Should a victim’s dressing be part of a discourse on sexual assault?
A black skirt and a red sweater; cargo shorts and t-shirt; a striped sundress. The last one belonged to a six year-old.
“What Were You Wearing: Survivor Art Installation” was a powerful exhibition that paired 18 outfits with stories from real sexual assault survivors about their experiences. Although hosted by an American university, many survivors of sexual assault can attest to being asked this very question regardless which part of the world they’re from.
Jen Brockman, the creator of the exhibit and the director of the University of Kansas’ Sexual Assault Prevention and Education Center said that the aim was for students, or anyone, to walk into the show and to see themselves reflected in the outfits and put the blame where it belongs, which is on the person who’s caused the harm.
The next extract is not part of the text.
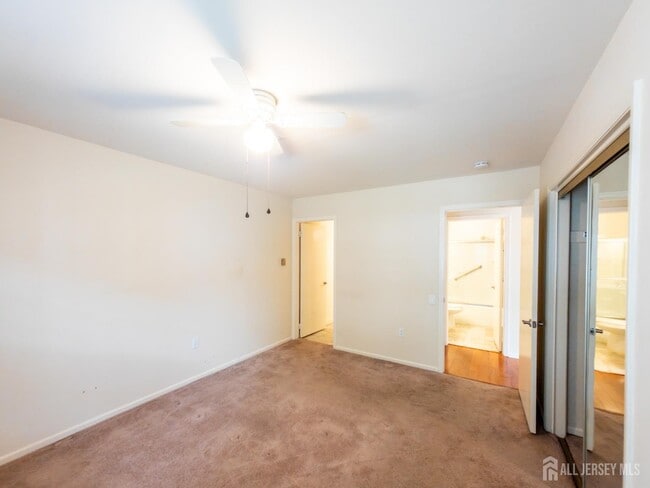 Building Photo - 227 Manchester Ln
Have you ever been told that the way you dress could “invite trouble”? How did (or would) you react when or if someone said this to you?
Tell us what you think. We will publish the best comment on our page!
Author: Brenda Haas
Editor: Marjory Linardy
Here are the best comments
Linda Aldred No it should not ! If a woman decides to walk down a street bare assed naked this still does not give men the right to assault them….
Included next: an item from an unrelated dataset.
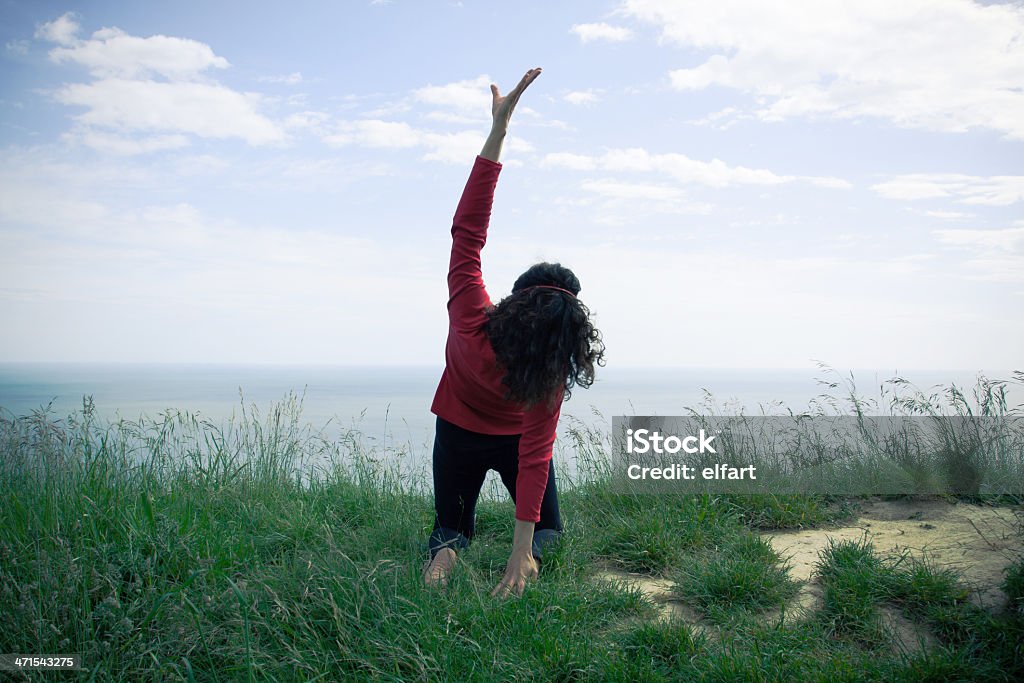Media edad mujer haciendo yoga ejercicio al aire libre - Foto de stock de Actividad libre de derechos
Ghada Brahem sexual assault is BAD and it has nothing to do with dress, sexual assaults happen even in SAUDI ARABIA in wich women mostly covered, we have to change our way of perceiving things.
Pamela Ayers No, dress has nothing to do with consent. Unless someone wears a sign saying “I consent to sex with anyone-ask me for more details.”
Priscilla Dhakal Not at all. One has all the right to dress, walk, talk as it suits them. If anyone takes it as a basis for harassment then they have problems within themselves to be dealt with.
Obrian Ferns Most stupid reason. Parents should educate and open their eyes !!!